Some art historians have suggested that the two figures in the painting are a representation of Frida's dual heritage.[2] Her father, Guillermo Kahlo, was German; while her mother, Matilde Calderon, was Mestizo (a mix of Spanish and Native American).[3] Another interpretation is that the Tehuana Frida is the one who was adored by her husband Diego Rivera, while the European Frida is the one that was rejected by him.[4] In Frida's own recollection, the image is of a memory of a childhood imaginary friend.[5]
Both Fridas hold items in their lap; the Mexican Frida holds a small portrait of Diego Rivera, and the European Frida holds forceps.

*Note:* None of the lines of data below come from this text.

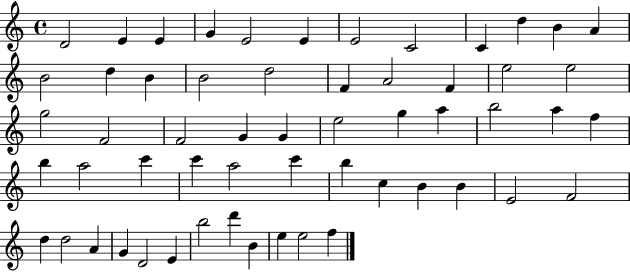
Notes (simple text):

D4/h E4/q E4/q G4/q E4/h E4/q E4/h C4/h C4/q D5/q B4/q A4/q B4/h D5/q B4/q B4/h D5/h F4/q A4/h F4/q E5/h E5/h G5/h F4/h F4/h G4/q G4/q E5/h G5/q A5/q B5/h A5/q F5/q B5/q A5/h C6/q C6/q A5/h C6/q B5/q C5/q B4/q B4/q E4/h F4/h D5/q D5/h A4/q G4/q D4/h E4/q B5/h D6/q B4/q E5/q E5/h F5/q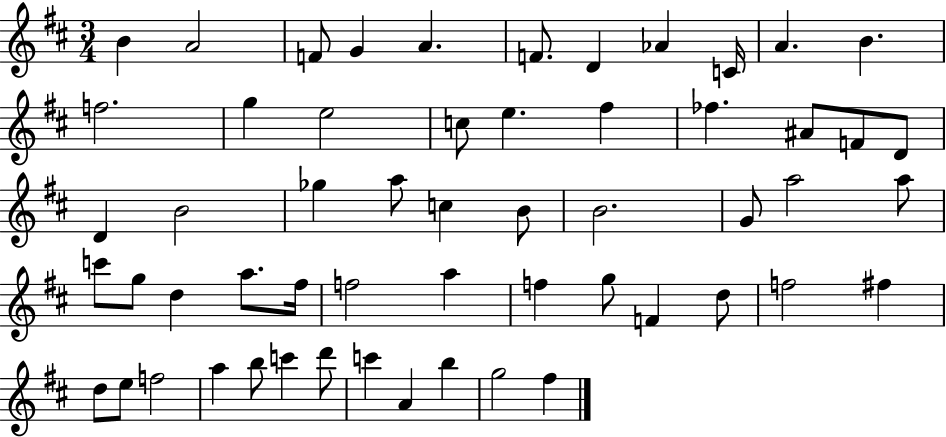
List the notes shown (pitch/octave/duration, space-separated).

B4/q A4/h F4/e G4/q A4/q. F4/e. D4/q Ab4/q C4/s A4/q. B4/q. F5/h. G5/q E5/h C5/e E5/q. F#5/q FES5/q. A#4/e F4/e D4/e D4/q B4/h Gb5/q A5/e C5/q B4/e B4/h. G4/e A5/h A5/e C6/e G5/e D5/q A5/e. F#5/s F5/h A5/q F5/q G5/e F4/q D5/e F5/h F#5/q D5/e E5/e F5/h A5/q B5/e C6/q D6/e C6/q A4/q B5/q G5/h F#5/q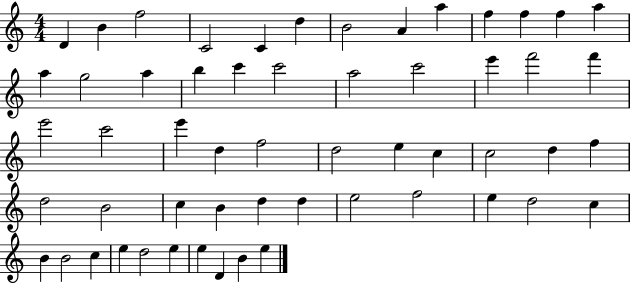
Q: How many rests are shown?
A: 0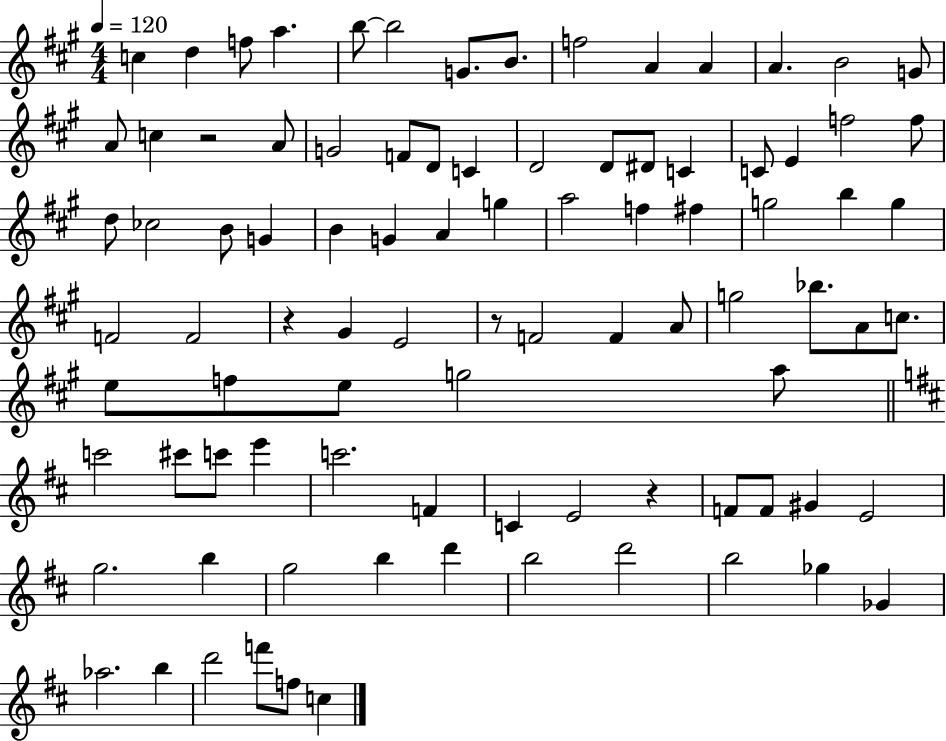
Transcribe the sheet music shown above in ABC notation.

X:1
T:Untitled
M:4/4
L:1/4
K:A
c d f/2 a b/2 b2 G/2 B/2 f2 A A A B2 G/2 A/2 c z2 A/2 G2 F/2 D/2 C D2 D/2 ^D/2 C C/2 E f2 f/2 d/2 _c2 B/2 G B G A g a2 f ^f g2 b g F2 F2 z ^G E2 z/2 F2 F A/2 g2 _b/2 A/2 c/2 e/2 f/2 e/2 g2 a/2 c'2 ^c'/2 c'/2 e' c'2 F C E2 z F/2 F/2 ^G E2 g2 b g2 b d' b2 d'2 b2 _g _G _a2 b d'2 f'/2 f/2 c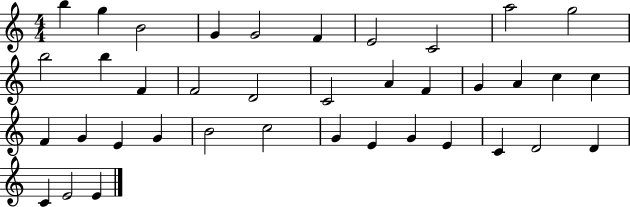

Blood spills onto the European Frida's white dress from a broken blood vessel that has been cut by the forceps. The blood vessel connects the two Fridas, winding its way from their hands through their hearts.[6] The work alludes to Kahlo's life of constant pain and surgical procedures and the Aztec tradition of human sacrifice.[6] Because this piece was completed by Kahlo shortly after her divorce, the European Frida is missing a piece of herself, her Diego.[4]
According to Kahlo's friend, Fernando Gamboa, the painting was inspired by two paintings that Kahlo saw earlier that year at the Louvre, Théodore Chassériau's The Two Sisters and the anonymous Gabrielle d'Estrées and One of Her Sisters.[7]